→ Listed entries:
------

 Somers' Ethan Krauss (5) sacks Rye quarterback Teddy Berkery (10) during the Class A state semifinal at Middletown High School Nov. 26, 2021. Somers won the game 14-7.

------

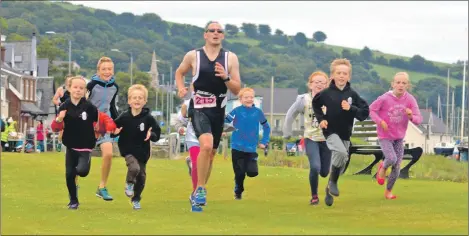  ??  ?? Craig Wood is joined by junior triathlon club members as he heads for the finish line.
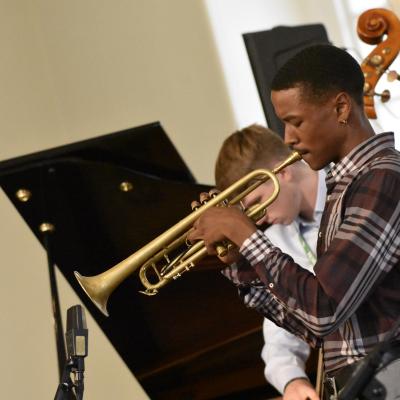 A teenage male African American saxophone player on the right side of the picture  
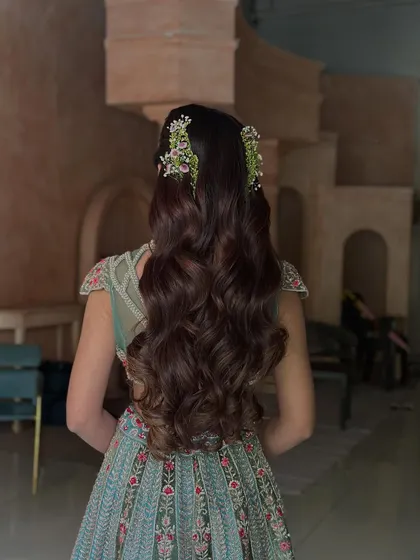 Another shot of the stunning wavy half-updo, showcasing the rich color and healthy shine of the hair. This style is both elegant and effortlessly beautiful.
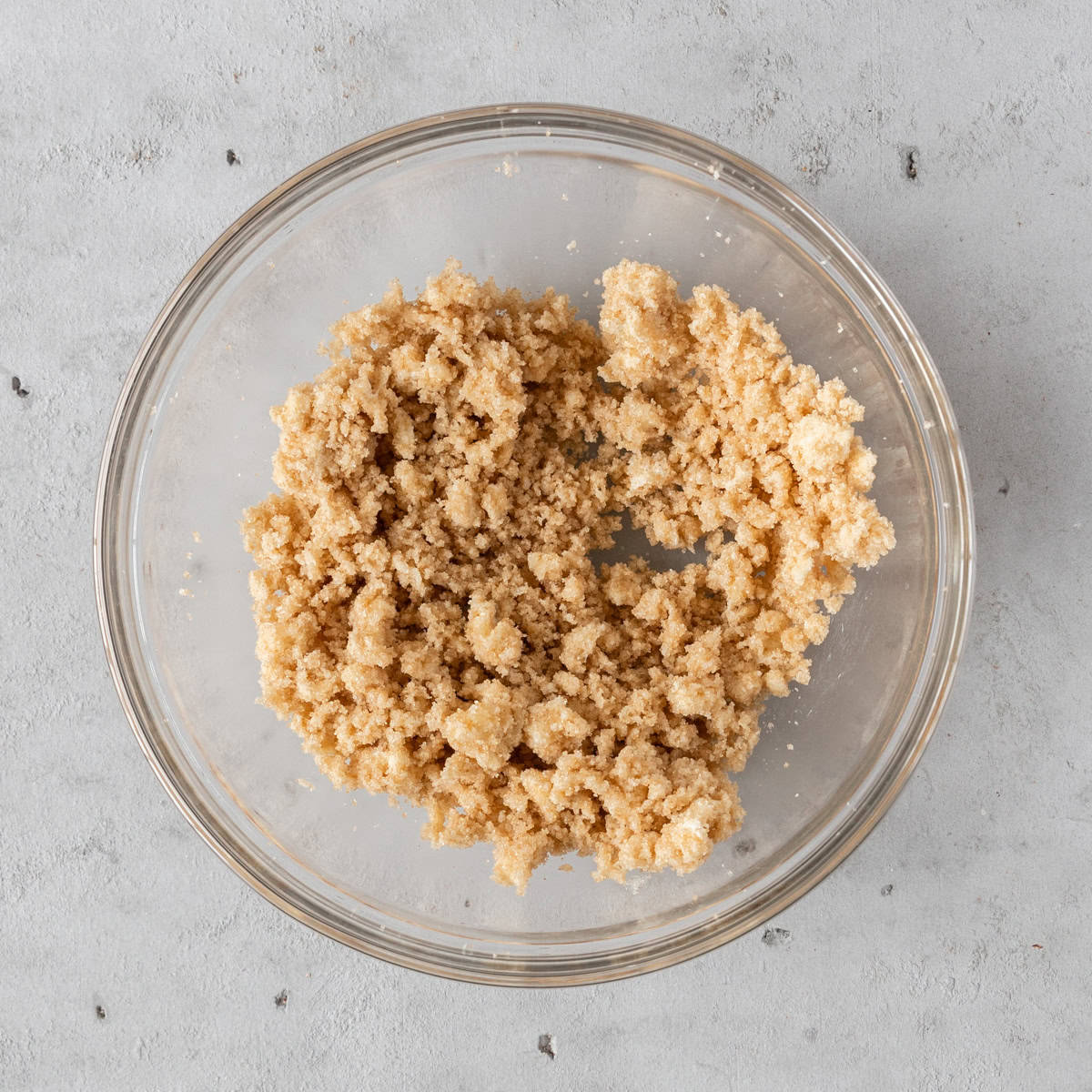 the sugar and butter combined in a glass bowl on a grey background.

------

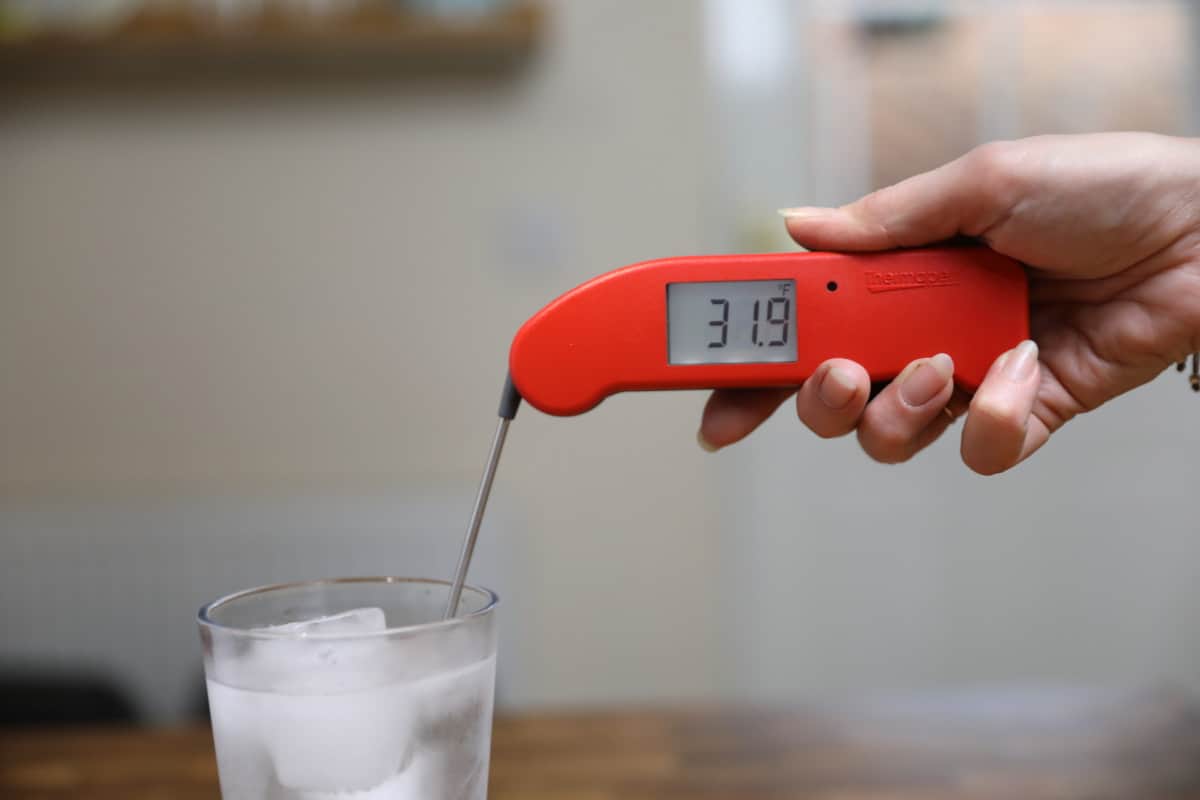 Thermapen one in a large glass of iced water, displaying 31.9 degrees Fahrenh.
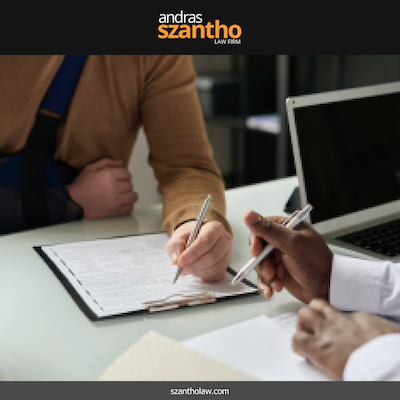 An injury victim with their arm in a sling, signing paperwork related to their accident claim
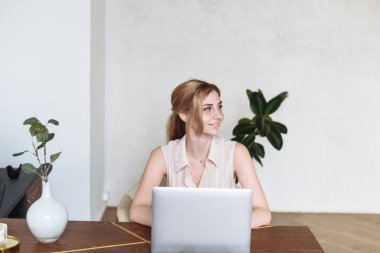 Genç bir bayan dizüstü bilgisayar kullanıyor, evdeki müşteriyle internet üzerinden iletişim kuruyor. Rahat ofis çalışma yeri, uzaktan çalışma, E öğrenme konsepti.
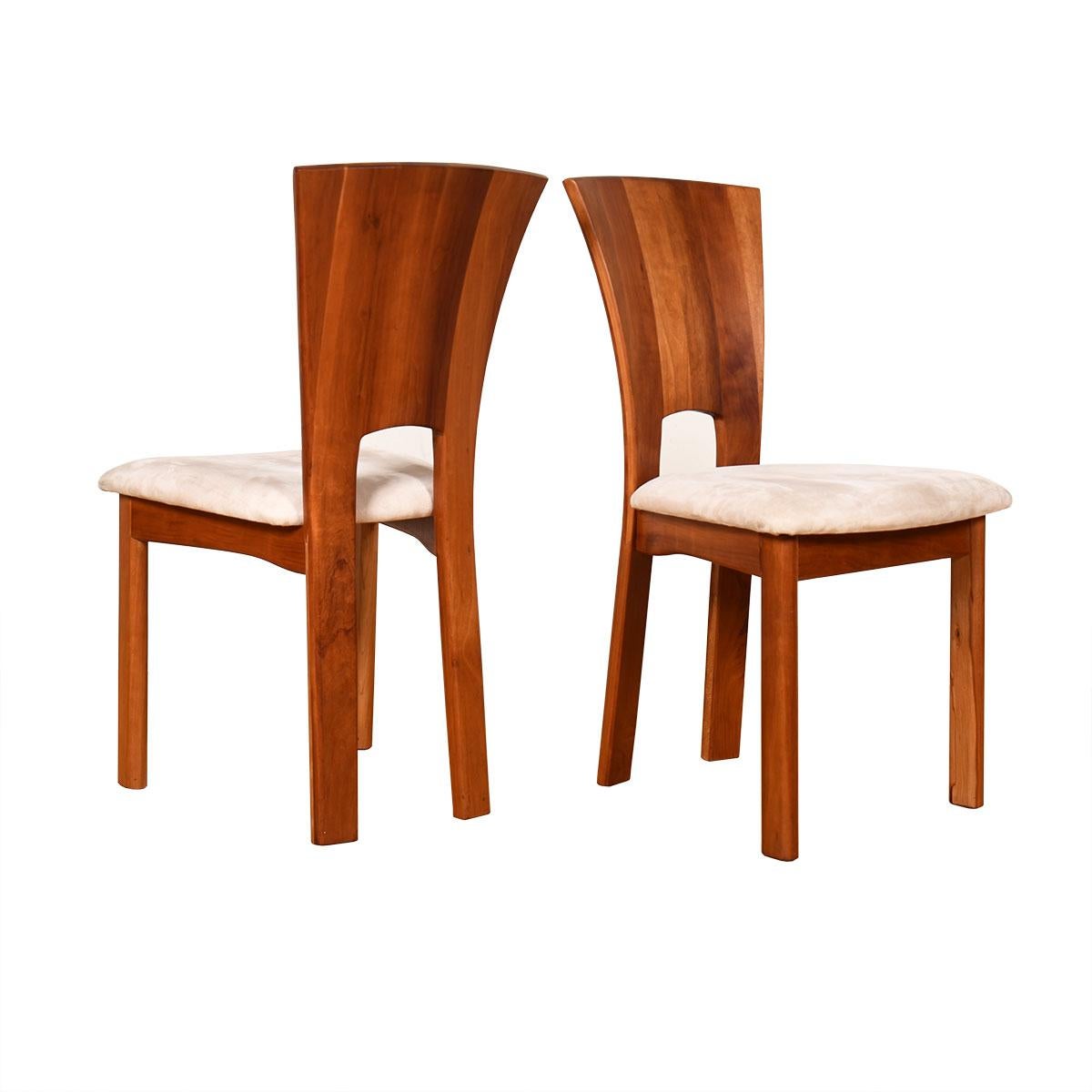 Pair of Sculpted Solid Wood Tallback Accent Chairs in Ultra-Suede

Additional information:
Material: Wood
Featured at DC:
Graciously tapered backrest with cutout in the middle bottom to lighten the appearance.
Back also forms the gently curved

------

→ Task details:
Within the listing above, extract exactly the lines that run from the one containing "Pair of Sculpted" through the one containing "Back also forms the gently curved", excluding any pictures.

→ Written solution:
 Pair of Sculpted Solid Wood Tallback Accent Chairs in Ultra-Suede

Additional information:
Material: Wood
Featured at DC:
Graciously tapered backrest with cutout in the middle bottom to lighten the appearance.
Back also forms the gently curved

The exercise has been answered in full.